Setenta y tres años después volvió a pedirle ayuda a su mamá para poder recibir a sus amiguitas. Abrazándola con ternura, su hija de 62 años decidió no corregirla. Le sonrió con el mismo afecto con el que creía que su abuela lo hacía y le dijo que no se preocupara, que ella se encargaría de organizarlo todo.

La memoria de su madre iba desapareciendo con la misma velocidad de los momentos. De repente podía recordar con precisión alguna canción que bailó en las fiestas del colegio o el vestido que llevaba puesto el día en que conoció al hombre con el que compartiría buena parte de su vida, incluso el nombre de su única hija, pero olvidar lo que acababa de decir. Los recuerdos, cuando aparecían, lo hacían necios y caprichosos negándose a respetar la línea de tiempo.

Ella, para ayudarla, escribió instrucciones en una hoja grande y las pegó en la nevera. Eran pocas, sencillas y suficientes para ayudarle a recordar que seguía siendo la anfitriona que siempre había disfrutado ser. Ofrecer el café, llevar las canastitas de arepas y el jugo, estaba escrito. Todo ya estaba dispuesto y servido en la cocina.

En la tarde llegaron las tres amigas de toda la vida con las que se acompañaban desde su primera infancia.

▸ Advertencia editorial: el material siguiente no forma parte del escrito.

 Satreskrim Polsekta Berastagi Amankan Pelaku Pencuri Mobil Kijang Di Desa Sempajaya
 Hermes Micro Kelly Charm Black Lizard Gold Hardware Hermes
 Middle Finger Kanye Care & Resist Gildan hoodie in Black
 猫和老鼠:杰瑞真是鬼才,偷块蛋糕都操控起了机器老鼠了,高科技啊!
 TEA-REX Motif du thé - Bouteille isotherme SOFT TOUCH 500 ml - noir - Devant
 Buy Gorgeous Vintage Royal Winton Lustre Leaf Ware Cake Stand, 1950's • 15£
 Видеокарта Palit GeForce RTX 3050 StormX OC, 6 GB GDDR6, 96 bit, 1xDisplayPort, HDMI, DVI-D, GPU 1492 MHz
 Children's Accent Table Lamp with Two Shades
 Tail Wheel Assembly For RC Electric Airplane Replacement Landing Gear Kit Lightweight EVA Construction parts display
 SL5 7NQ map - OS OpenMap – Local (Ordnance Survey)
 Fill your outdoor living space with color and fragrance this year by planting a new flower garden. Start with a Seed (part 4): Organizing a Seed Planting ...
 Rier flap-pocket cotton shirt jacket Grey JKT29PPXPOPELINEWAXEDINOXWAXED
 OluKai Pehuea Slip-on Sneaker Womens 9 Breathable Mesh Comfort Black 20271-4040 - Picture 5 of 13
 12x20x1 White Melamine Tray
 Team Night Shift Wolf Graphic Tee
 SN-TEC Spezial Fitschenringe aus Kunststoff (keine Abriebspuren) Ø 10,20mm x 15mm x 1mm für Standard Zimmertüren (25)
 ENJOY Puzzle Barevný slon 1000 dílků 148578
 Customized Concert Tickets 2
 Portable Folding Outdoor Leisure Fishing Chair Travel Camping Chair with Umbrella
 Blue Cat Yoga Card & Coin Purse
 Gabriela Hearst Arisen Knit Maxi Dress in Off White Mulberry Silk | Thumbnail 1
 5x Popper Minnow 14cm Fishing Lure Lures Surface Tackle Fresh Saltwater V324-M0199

Ninguna bajaba ya de los ochenta. Las mismas con las que había compartido cumpleaños, matrimonios, nacimientos, despedidas y funerales. Habían envejecido juntas y se repetían que las amigas eran la familia que habían escogido. Ya se parecían hasta en la forma de buscar las gafas que llevaban puestas.

Conversaban despacio, hablaban de los pequeños nietos que rondaban los 40, de pastillas, de médicos. Así se prestaban entre ellas esa memoria de toda una vida que habían construido juntas mientras la anfitriona iba y venía con café.

El tiempo se les fue en el cuchicheo señorial rutinario de sus reencuentros inolvidables. Siempre más especiales que el anterior por la tonta idea de que pudiera ser el último. —Calle esos ojos— decía una u otra cuando alguna decía eso mientras se despedían con la promesa de volver a encontrarse muy pronto.

De salida en el pasillo, una de ellas comentó que la pobre anfitriona había estado tan distraída que ni siquiera les ofreció un café, mientras otra la miraba confundida y le preguntaba de cuál anfitriona hablaba, a lo que la tercera le respondía que con la que se iban a ver en un rato porque hace mucho no la visitaban.

La hija encontró intacto el café, las canastitas y el jugo. Su mamá le sonreía sentada en la mesa mientras, con picardía, tomaba uno de los vasos, una arepa y le decía que eso no podía perderse, aunque fuera una lástima que sus amiguitas nunca hubieran llegado.